Exercise instructions
Leave out the pictures and give back all the entries exactly as written.

Extracted data entries
▬▬▬

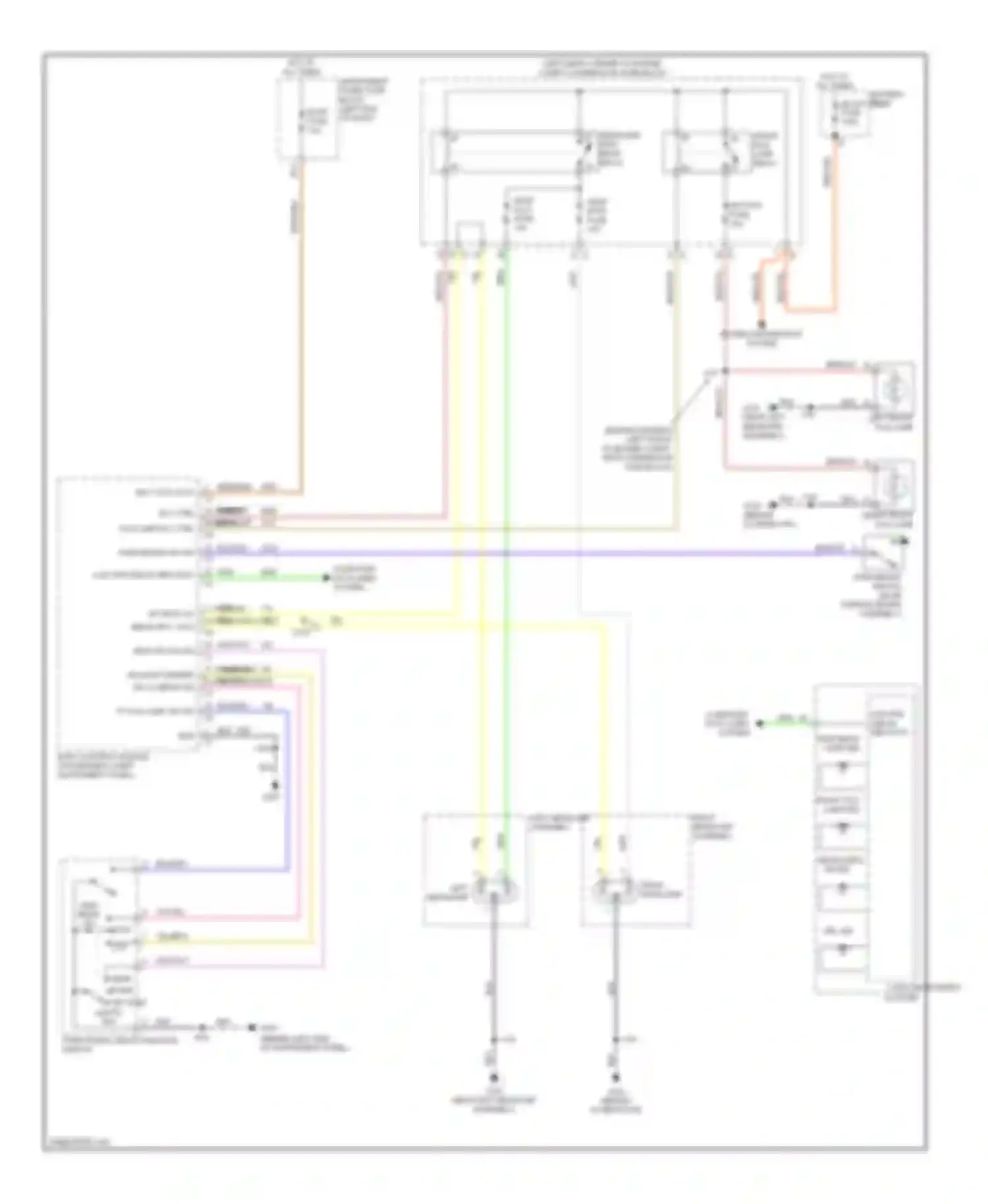 Wiring diagram logic instrument cluster for Chevrolet Spark M300 (2009-2016)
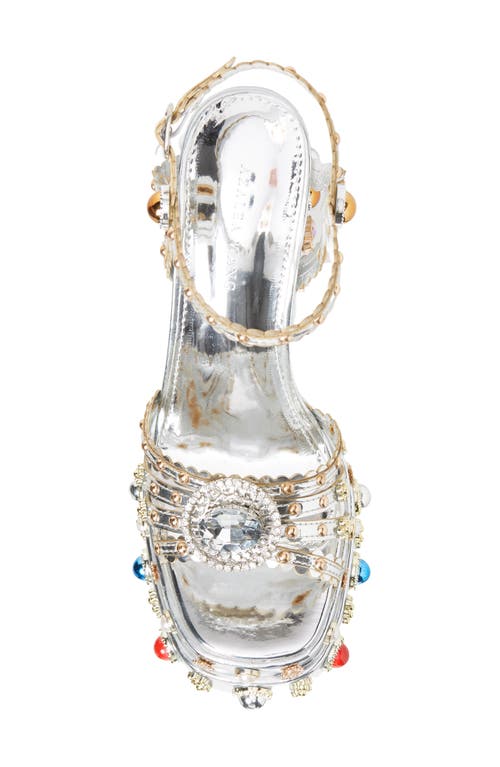 Azalea Wang Lola Ankle Strap Platform Sandal In Multi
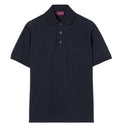 Cotton Piquet Polo Shirt With Embroidery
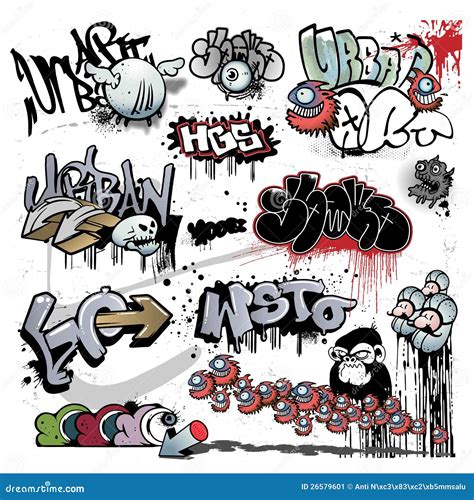 Graffiti Urban Style Poster With Skateboard And Brain Cartoon Vector | CartoonDealer.com #175566273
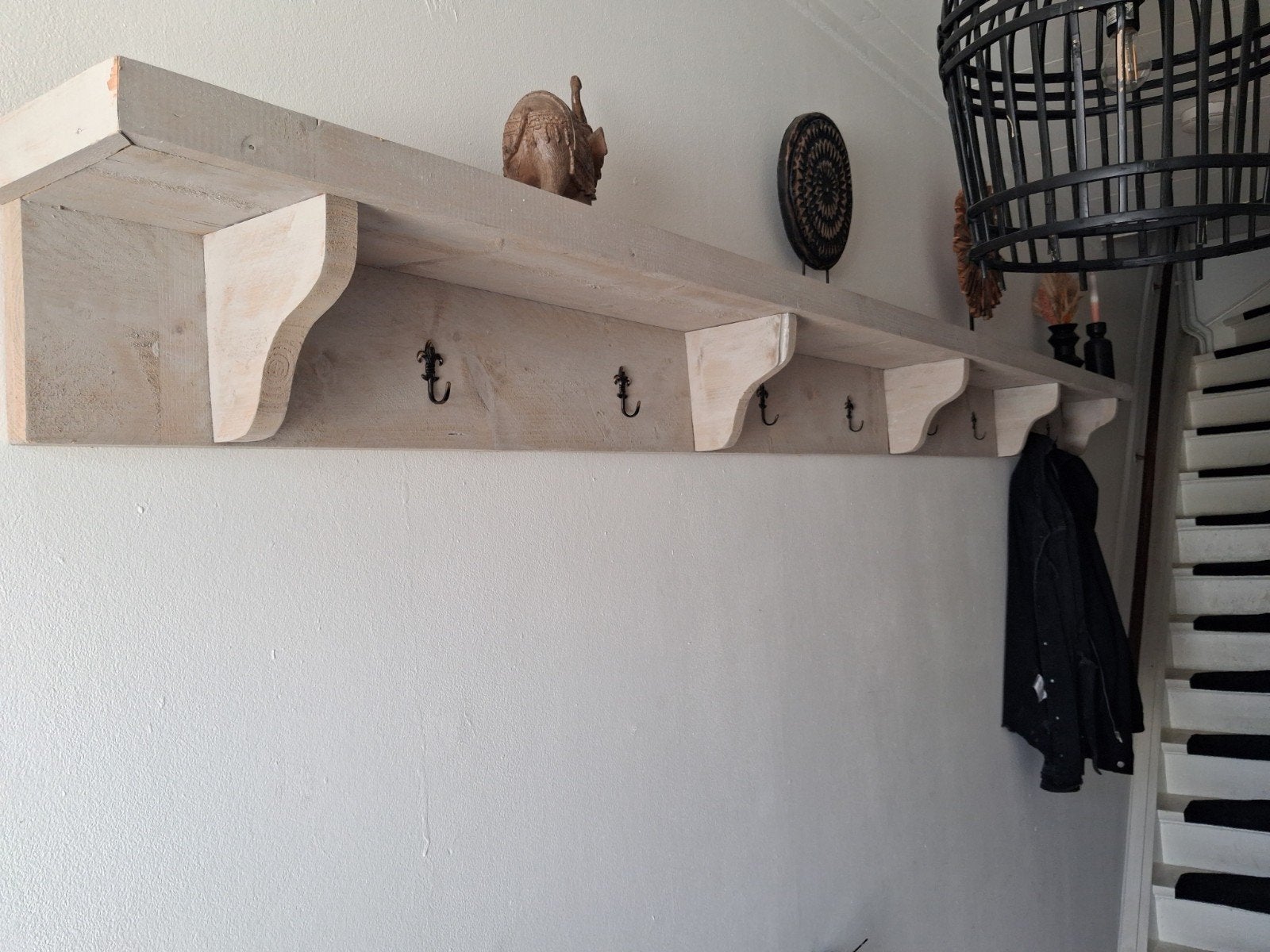 kapstok, Huis en Inrichting, Ophalen, Hout, Wandkapstok, Minder dan 100 cm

▬▬▬

The completed task
 Wiring diagram logic instrument cluster for Chevrolet Spark M300 (2009-2016)
 Azalea Wang Lola Ankle Strap Platform Sandal In Multi
 Cotton Piquet Polo Shirt With Embroidery
 Graffiti Urban Style Poster With Skateboard And Brain Cartoon Vector | CartoonDealer.com #175566273
 kapstok, Huis en Inrichting, Ophalen, Hout, Wandkapstok, Minder dan 100 cm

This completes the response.